Sun Jun 23, 2013 7:12 pm

There is actually a little more to the story than what is described in the articles posted by SPREE34 (Reply 9) and pwm2txlhopper (Reply 10).

According to some "stories" that circulate throughout the aviation community, the emergency that led to the Northwest DC9 landing in Alamosa was caused by the aircraft's captain.

As I understand it, the aircraft initially had a simple generator failure on one of the engines. The plane was perfectly capable of flying on the remaining generator and it would have been appropriate to start up the APU as a backup, with plenty of time to divert to a suitable airport--perhaps Denver, Colorado Springs, or Grand Junction, for example.

However, as the story goes, the Captain and First Officer did not get along very well and the captain was not a big supporter of CRM or the "crew concept" of operating a commercial airliner (I'm not sure CRM even existed at the time, as we know it today).

After the generator failed, without even consulting the first officer or referring to the Abnormal Procedures Guide, the captain quickly reached up to turn OFF the faulty generator, but grabbed the wrong switch and turned off the good generator by mistake.

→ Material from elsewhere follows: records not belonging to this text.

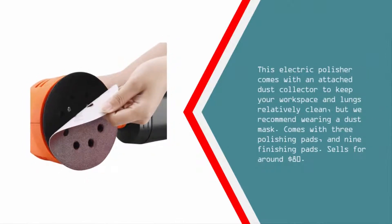This electric polisher comes with an attached dust collector to keep your workspace and lungs relatively clean, but we recommend wearing a dust mask. Comes with three polishing pads and nine finishing pads. Sells for around $80.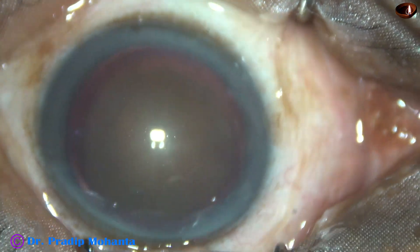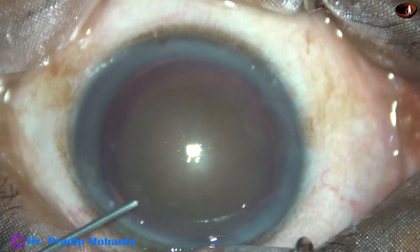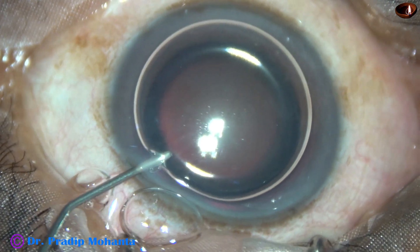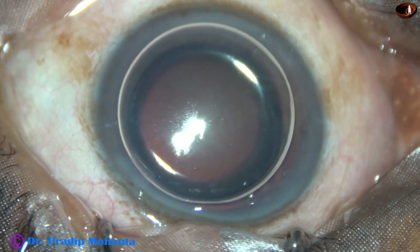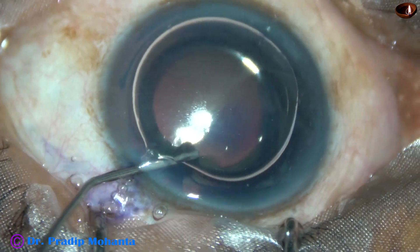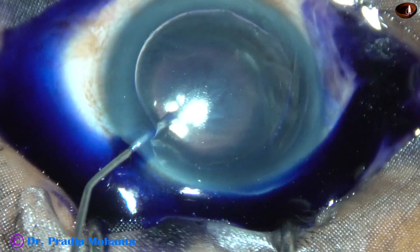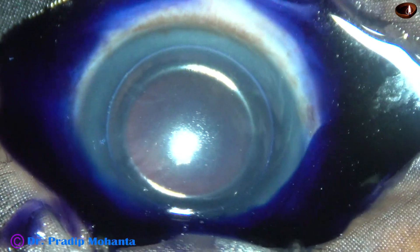An air bubble is injected to fill the anterior chamber. Underneath this air bubble, trypan blue dye is applied over the anterior capsule with a 27-gauge cannula. The dye is applied in such a way that it touches all parts of the anterior capsule.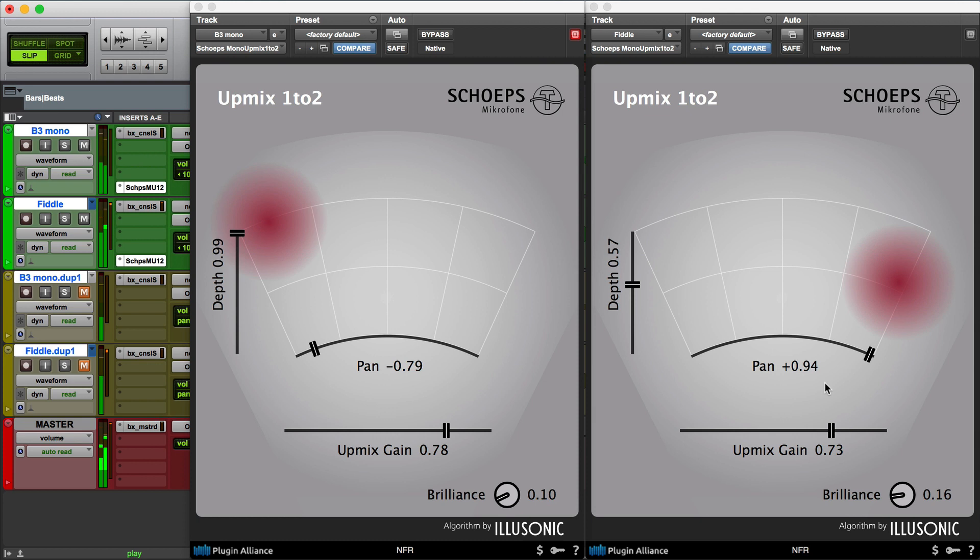Let's do the same thing with the fiddle. Now, what typically happens when you position an instrument further away in the room in a natural environment, it loses some of its brightness. You can compensate for that by adjusting the Brilliance control. With the Brilliance control all the way down to zero it responds as it naturally would, but if you want to bring some of that brightness back into the mix, you can just crank this up.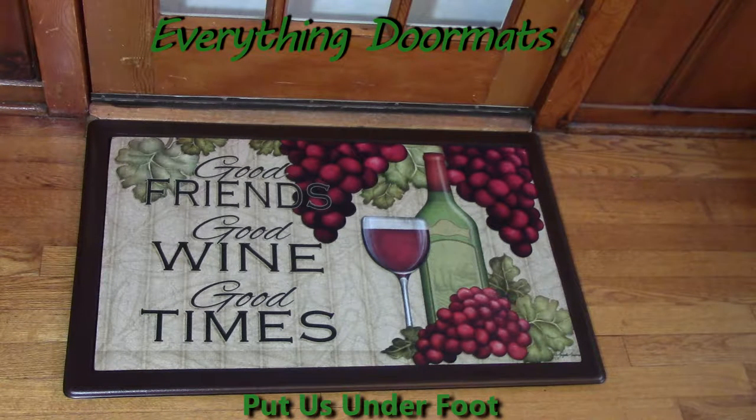Hi everyone! It's Nicole with Everything Doormats. I'm showing off our seasonal mats and today I'm featuring one of our insert doormats. It's called Good Wine. I love this mat. I like to have friends over for some wine and this is a great mat to have maybe at your front step as you're having a wine party or maybe a wine tasting event, or at a kitchen sink if you've got a wine theme in your kitchen.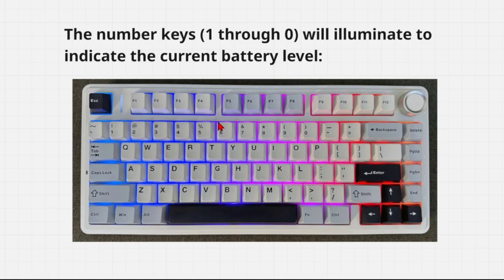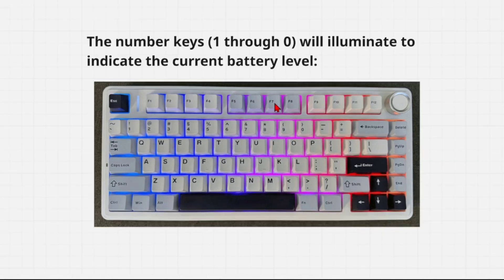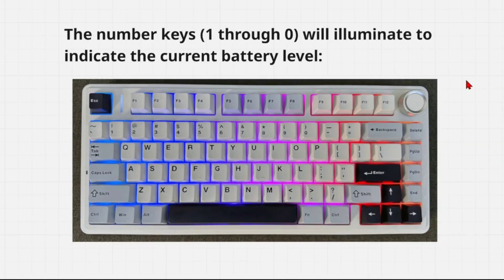If you're half charged it's going to be between five and six. If it's fully charged the illumination should go all the way to the zero key — all keys lit green means the battery is fully charged. Fewer keys lit green means the battery level corresponds to the number of keys lit. If you get keys lit in red, the battery is low and needs to be recharged. Additionally, when connected via Bluetooth, the battery level can be displayed on your computer.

At that point he had unintentionally given himself dual generator failure and the aircraft was now flying on battery power only.

I don't know specific details, but somehow, they were not able to get the good generator back on-line and the battery was not able to supply enough power to start up the APU. So, they were faced with only 30 minutes (or less) of electrical power available--battery only.

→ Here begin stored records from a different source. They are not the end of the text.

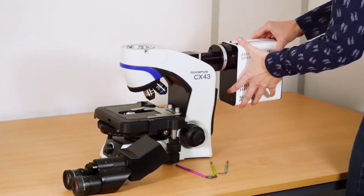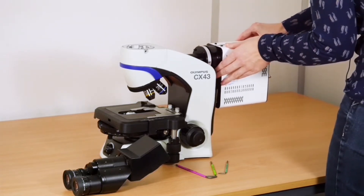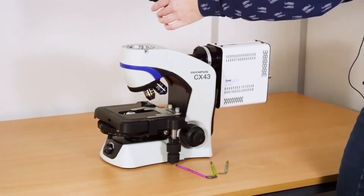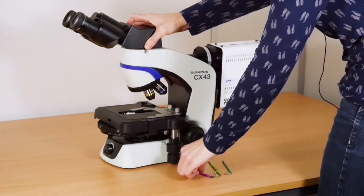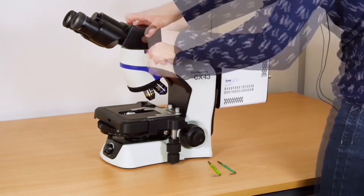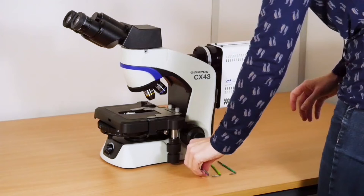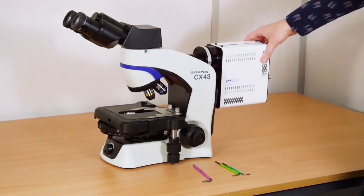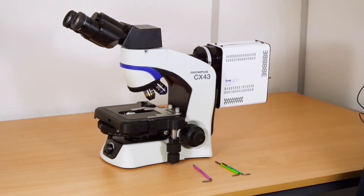Once that is tight and fully secured, reinsert the adapter and place the eyepiece. Once you have connected the power and the control pod, you are ready to go.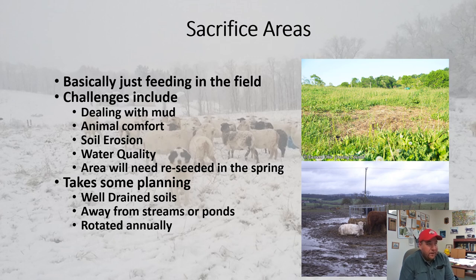If we have to use a sacrifice area, it takes a well-drained soil away from a stream, and those areas need to be rotated annually. The challenge is dealing with mud — animal comfort becomes a problem because cows get muddy, and sheep especially don't like mud. Soil erosion becomes a problem, water quality can be an issue, and the area will have to be reseeded. Sometimes we pound the soil so hard it takes a year or two to recover, so even if we plant great seed the next spring we may not get anything to grow.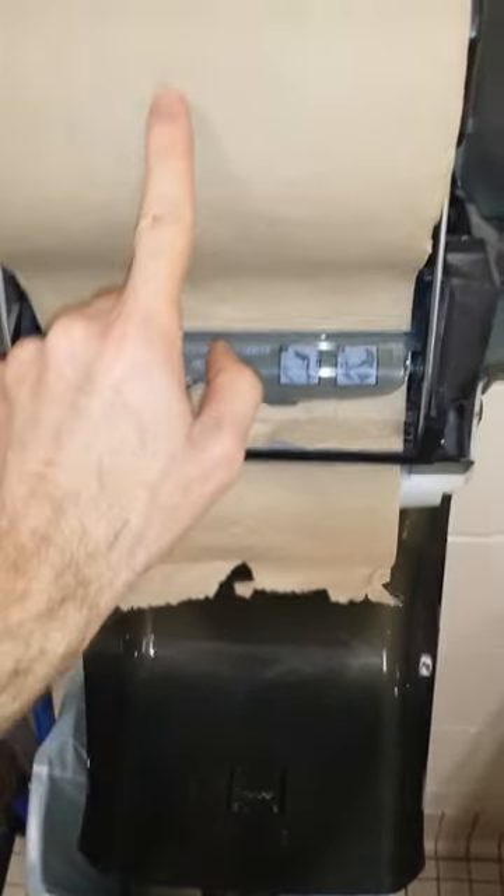As you can see, I'm getting a paper towel out here, but it's not grabbing this new one — which is correct.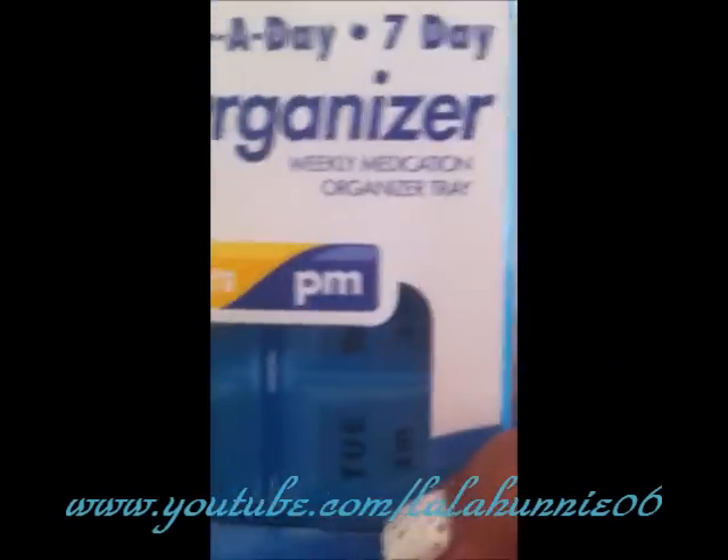What you do, you get a pill organizer like this, and then you scrape off all the wording. As you see, the wording is right here. The wording I scraped off, and then I am taking this lipstick out the tube.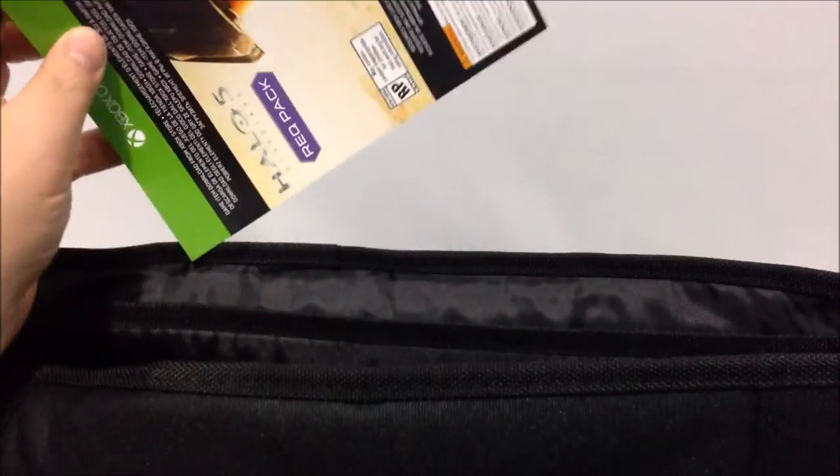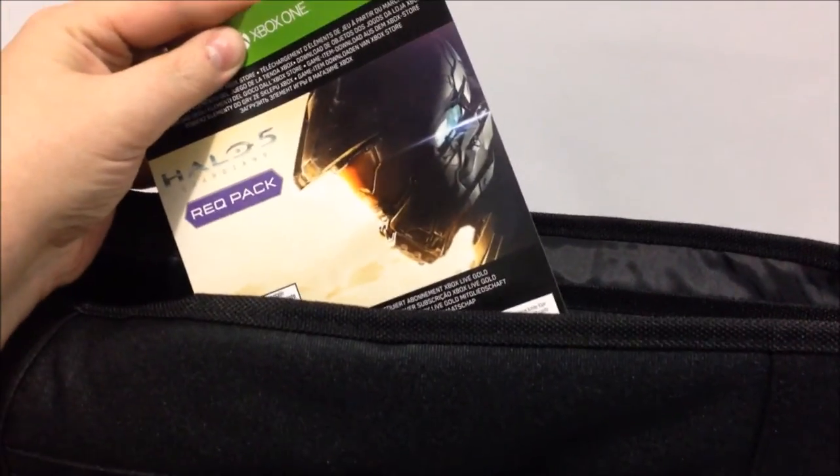A zipper pocket. Inside, there are several different pockets and a separator wall, and inside we also find a rec pack card, good for digital content.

With very little crew coordination--or none at all--the Captain decided to divert to Alamosa and in the haste of the emergency descent, the first officer either forgot or did not have time to reset the pressurization system to allow the cabin to be depressurized after landing.

Had the crew exhibited proper crew coordination, CRM, and appropriate reference to published abnormal procedure guidance, the result would have been a planned, controlled, and properly executed descent and divert to a suitable alternate airport.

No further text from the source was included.